= Working data =

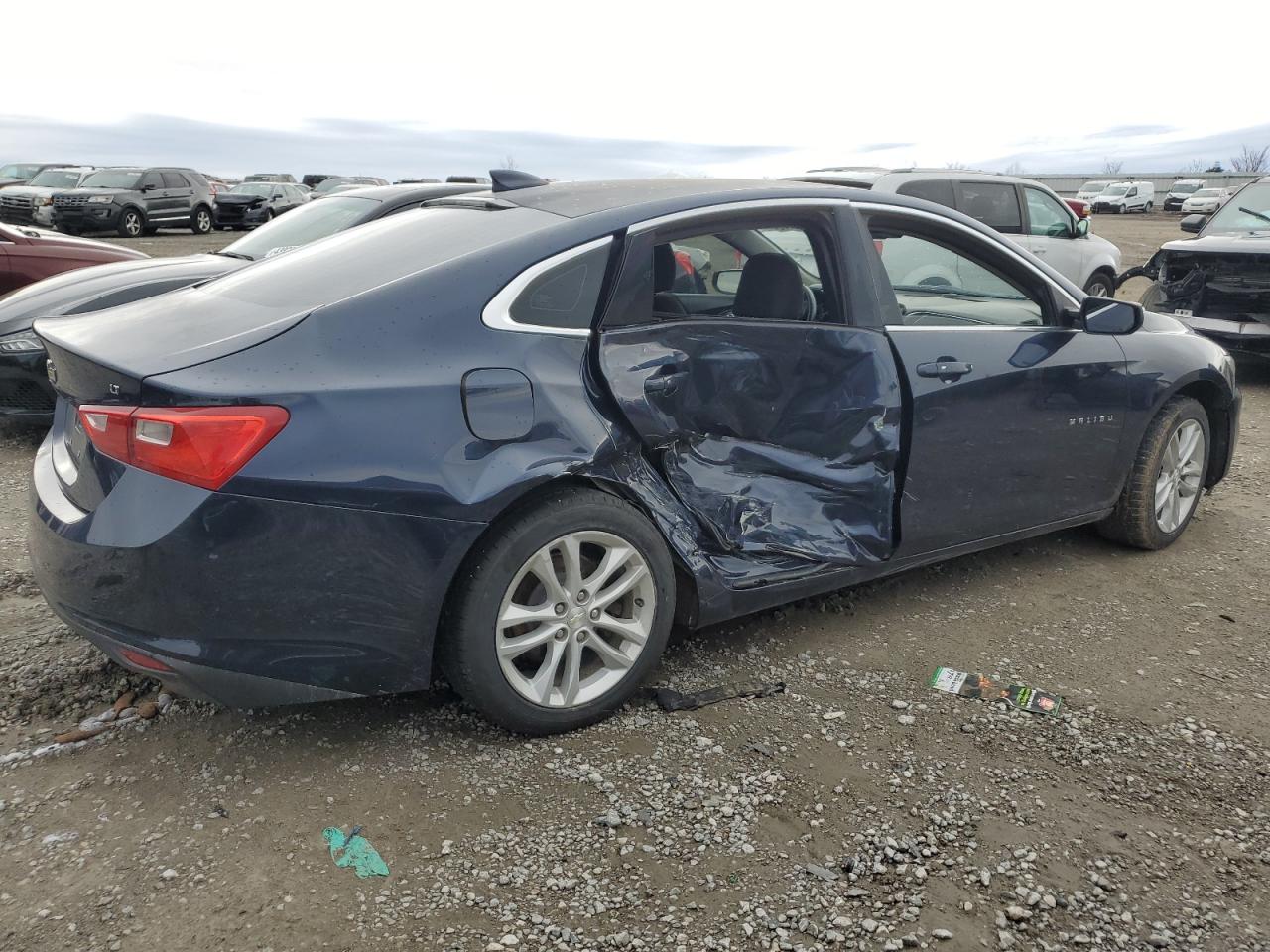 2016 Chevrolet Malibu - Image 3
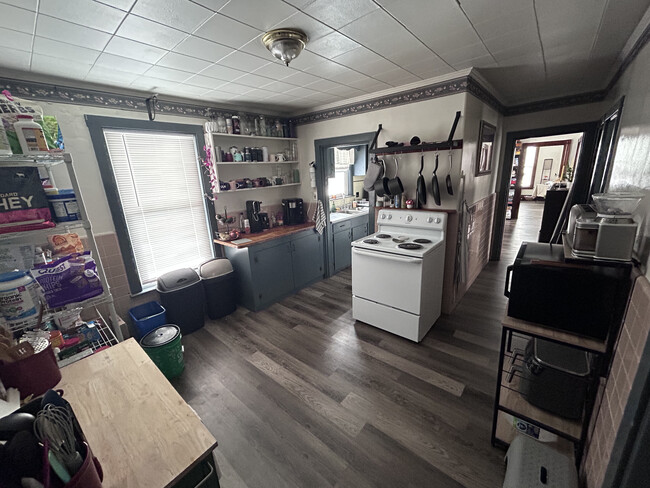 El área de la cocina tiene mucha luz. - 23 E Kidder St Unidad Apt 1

---

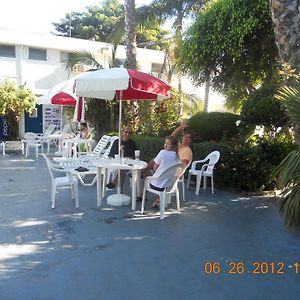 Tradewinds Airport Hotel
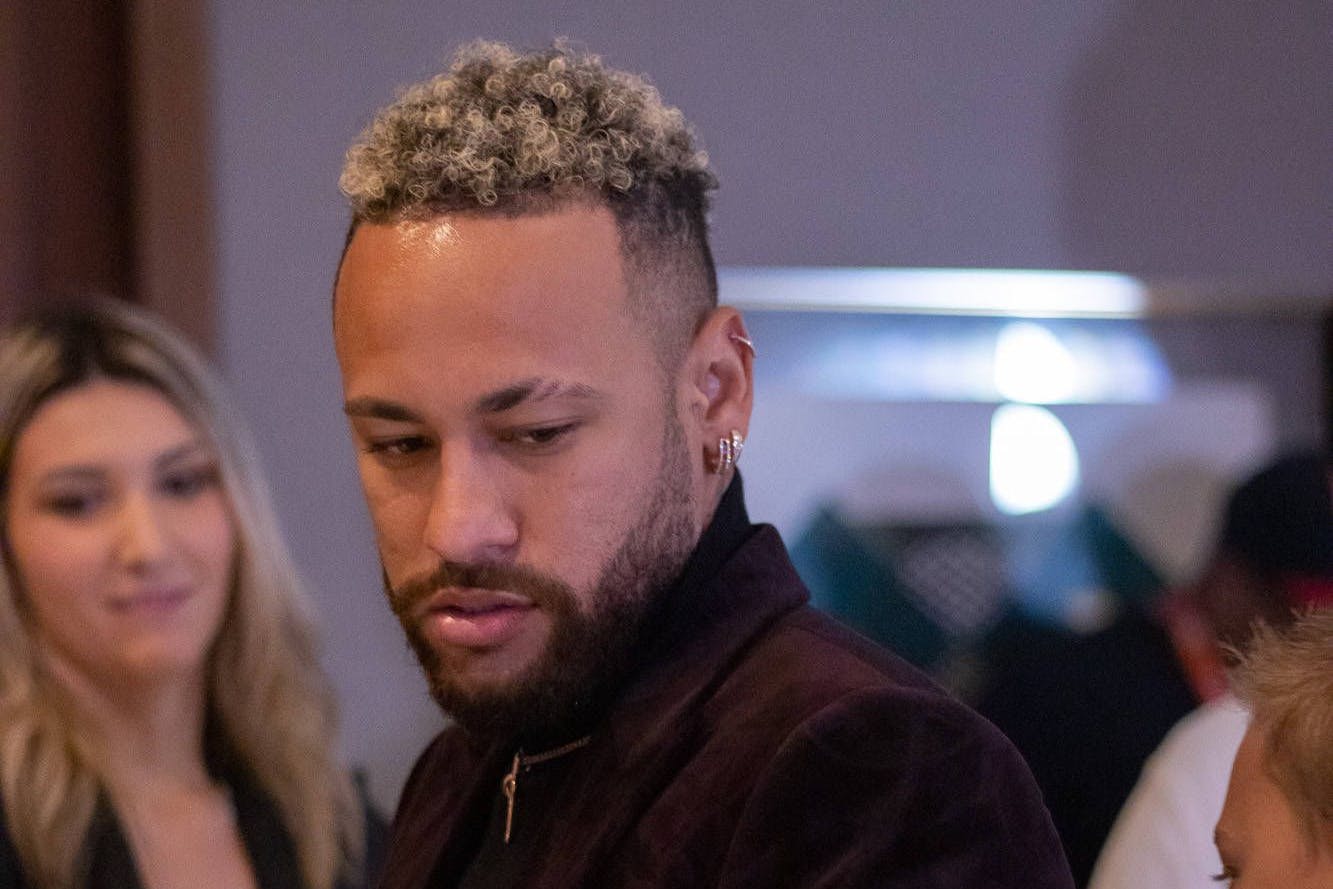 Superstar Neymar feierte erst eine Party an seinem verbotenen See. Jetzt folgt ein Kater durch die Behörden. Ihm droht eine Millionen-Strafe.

...

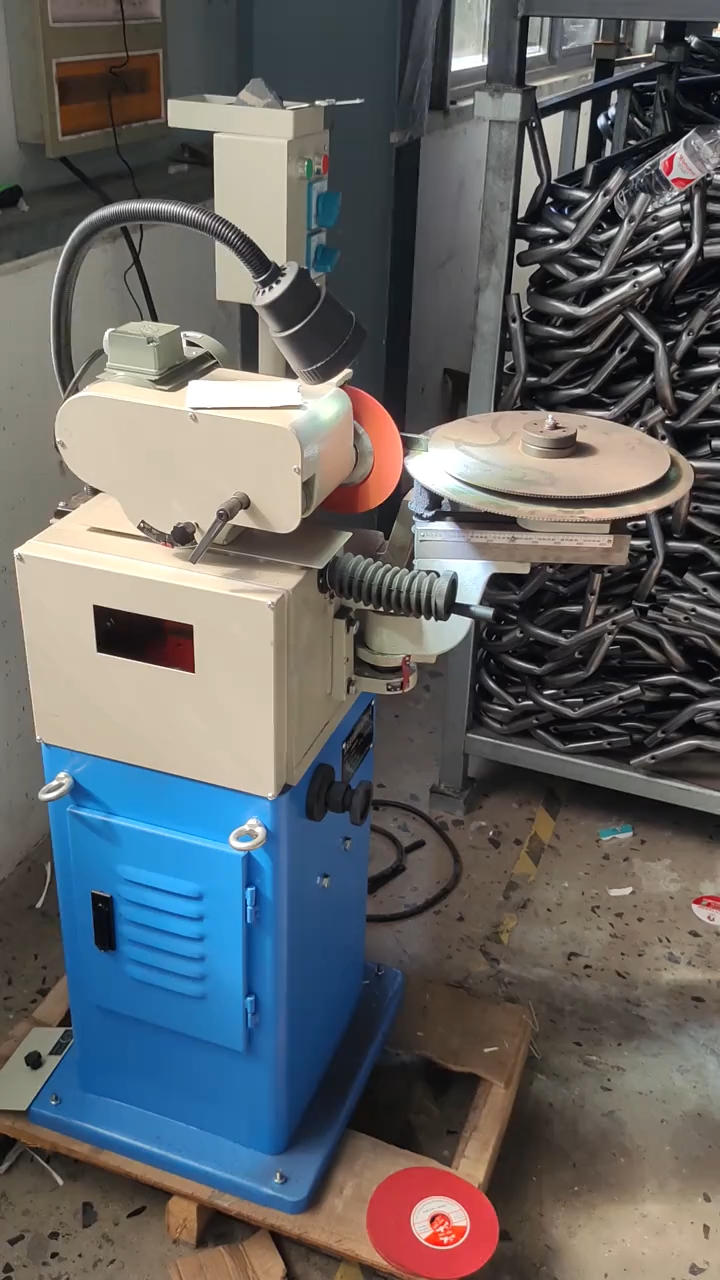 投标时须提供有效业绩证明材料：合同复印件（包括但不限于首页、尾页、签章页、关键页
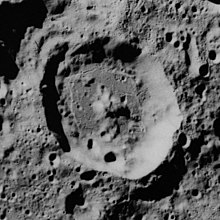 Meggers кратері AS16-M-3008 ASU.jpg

= What is expected =
Reproduce exactly, with no pictures, the lines above from the one holding "2016 Chevrolet Malibu - Image 3" to the one holding "El área de la", inclusive.

= Result =
 2016 Chevrolet Malibu - Image 3
 El área de la cocina tiene mucha luz. - 23 E Kidder St Unidad Apt 1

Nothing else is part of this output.